A quoi faut-il s’attendre ? A une révolution ?
L’un des porte-parole de l’UMP, Frédéric Lefebvre, a indiqué, ce 28 décembre, que la fusion des départements et des régions est proche (voir Le Monde, La fusion des départements et des régions est "pour bientôt", assure Frédéric Lefebvre).
Quel sens donner à cette déclaration, alors qu’une commission a été mise en place pour faire des propositions au gouvernement avant le 1er mars 2009 ? Voici le texte officiel, sur le site du Premier ministre, relatif à la création du comité pour la réforme des collectivités locales (cliquer sur le titre).
Collectivités territoriales - Création du Comité pour la réforme ...
François Fillon a présenté le 22 octobre 2008 le décret portant création du Comité pour la réforme des collectivités territoriales. Le président de la République, Nicolas Sarkozy, attend de ce comité conduit par l’ancien Premier ministre, Edouard Balladur, et composé de manière pluraliste, des propositions "innovantes, volontaristes et audacieuses".
"Depuis 20 ans, on a beaucoup approfondi la décentralisation, on a transféré beaucoup de compétences, on a créé de nouveaux échelons d’administration, a déclaré le président de la République, mais on a peu réfléchi aux structures profondes de notre organisation locale, presque rien changé à la fiscalité locale, laissé dériver les finances locales. Cette situation ne peut plus durer."
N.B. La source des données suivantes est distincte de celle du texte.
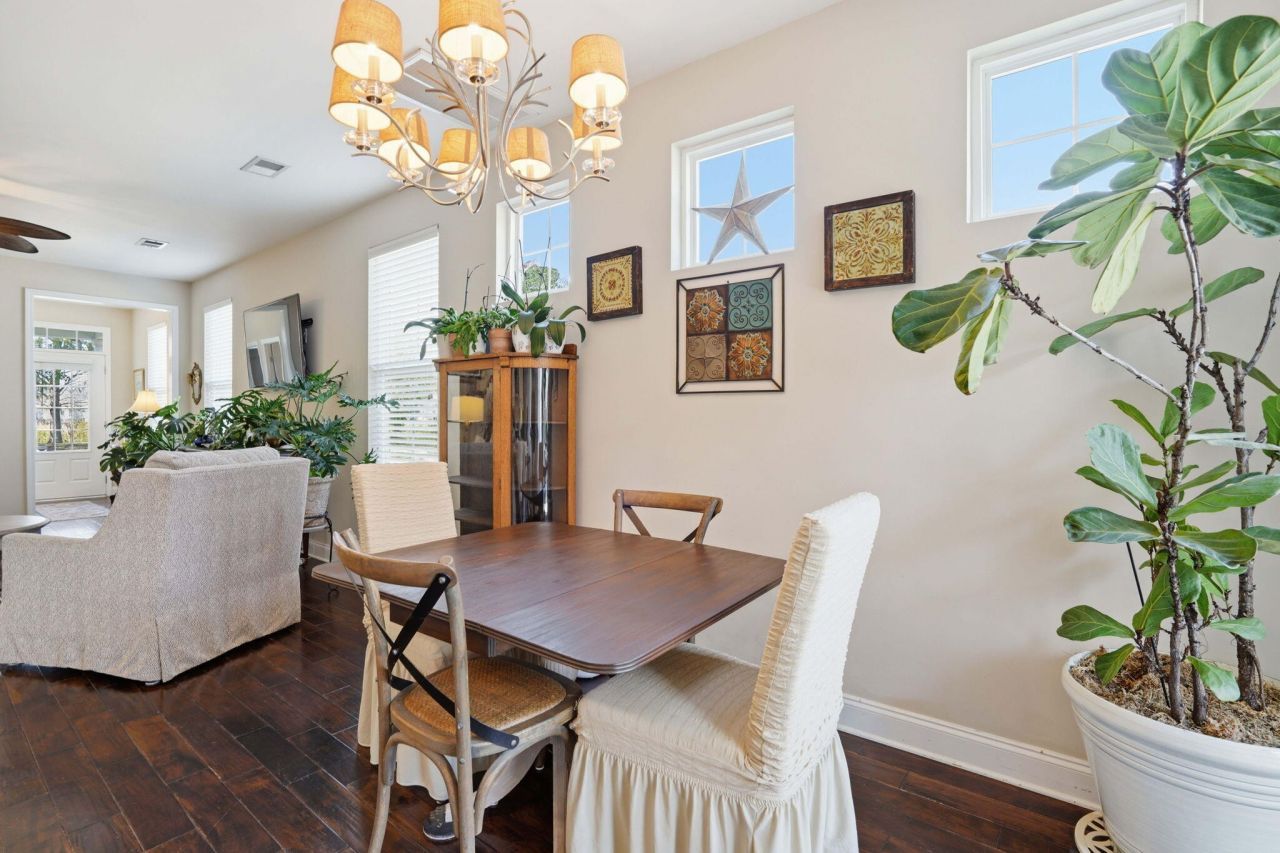 1065 Ashley Garden Boulevard Photo 10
"La sensibilité et la complexité" de la réforme territoriale, "la nécessité de proposer des solutions innovantes, volontaristes et audacieuses, ont donc imposé la constitution d’un Comité de réflexion et de propositions de haute envergure, composé de manière pluraliste, avec des personnalités aux expériences et aux profils différents", a expliqué Nicolas Sarkozy en installant ce comité.
Selon le décret portant création du comité, celui-ci est chargé "d’étudier les mesures propres à simplifier les structures des collectivités locales, à clarifier la répartition de leurs compétences et à permettre une meilleure allocation de leurs moyens financiers, ainsi que de formuler toute recommandation qu’il jugera utile à la réforme des collectivités locales".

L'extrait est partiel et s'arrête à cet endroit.